BRIEF:
Word for word, retype the lines from the one containing "France, Types Et" to the one containing "Lục trà lài Novia 500g ( Thùng 20 gói)" below, keeping both end lines and dropping the pictures.

BEGIN DATASET RECORDS

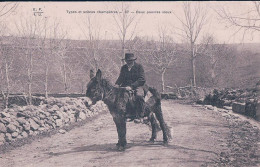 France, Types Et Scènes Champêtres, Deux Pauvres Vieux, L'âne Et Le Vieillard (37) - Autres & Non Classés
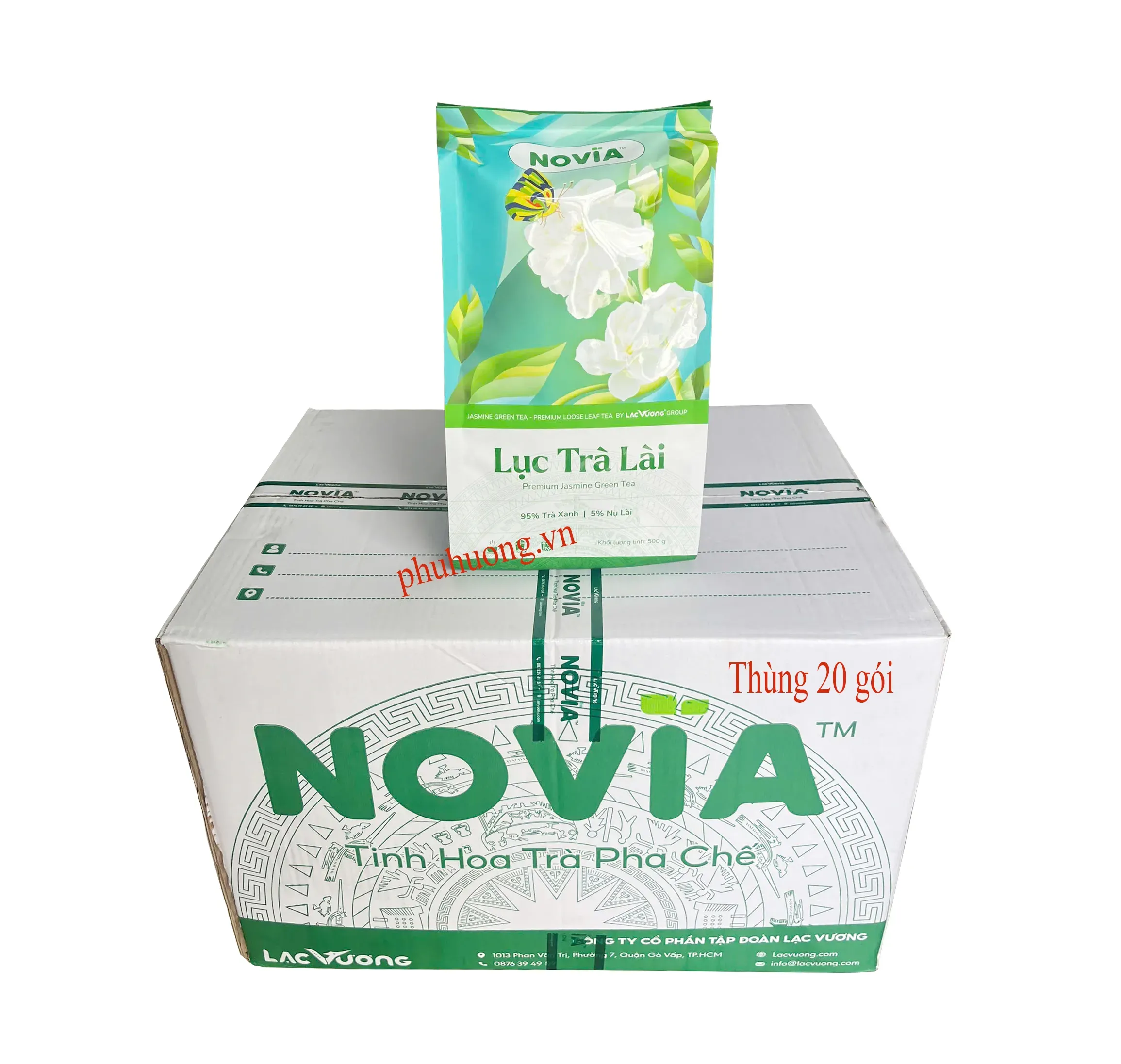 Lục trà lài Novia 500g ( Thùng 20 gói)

END DATASET RECORDS
BEGIN DATASET RECORDS

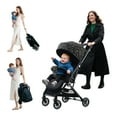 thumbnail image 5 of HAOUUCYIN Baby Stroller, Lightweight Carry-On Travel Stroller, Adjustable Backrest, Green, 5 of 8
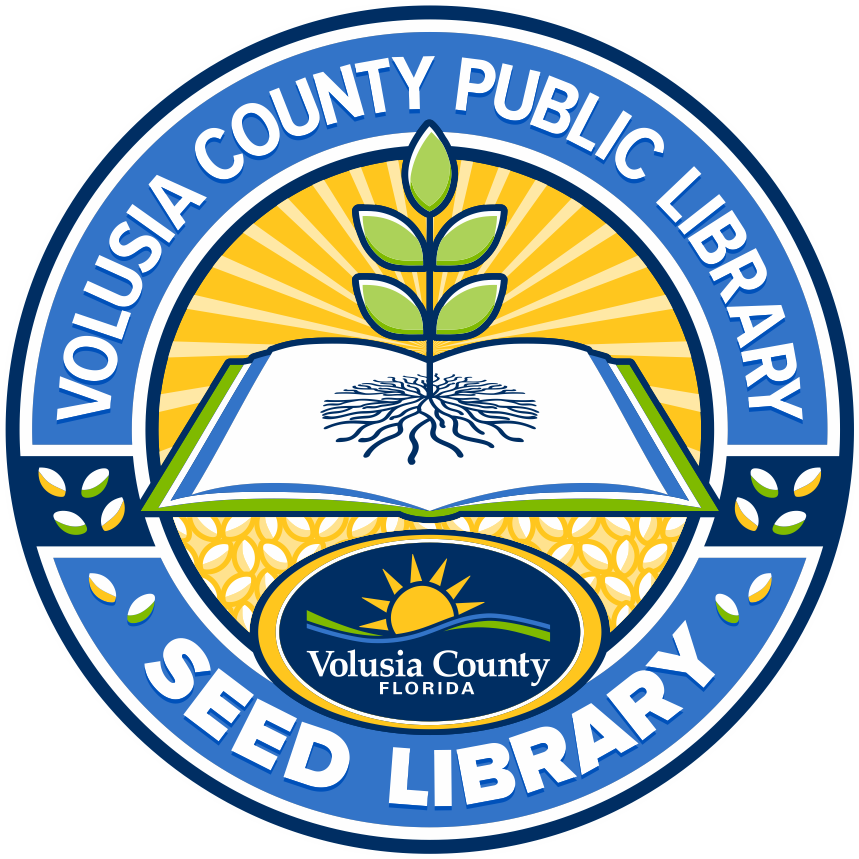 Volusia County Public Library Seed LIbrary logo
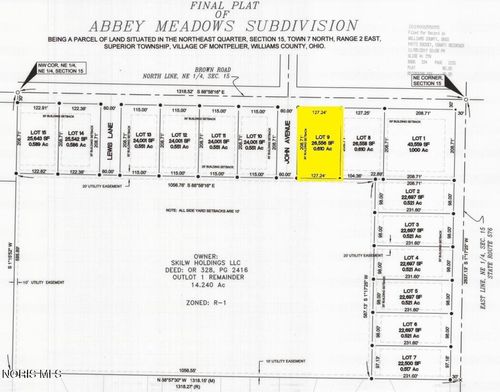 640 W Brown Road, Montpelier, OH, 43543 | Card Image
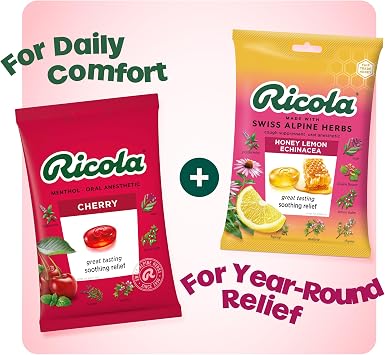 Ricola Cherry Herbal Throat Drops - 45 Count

END DATASET RECORDS

RESULT OF THE TASK:
 France, Types Et Scènes Champêtres, Deux Pauvres Vieux, L'âne Et Le Vieillard (37) - Autres & Non Classés
 Lục trà lài Novia 500g ( Thùng 20 gói)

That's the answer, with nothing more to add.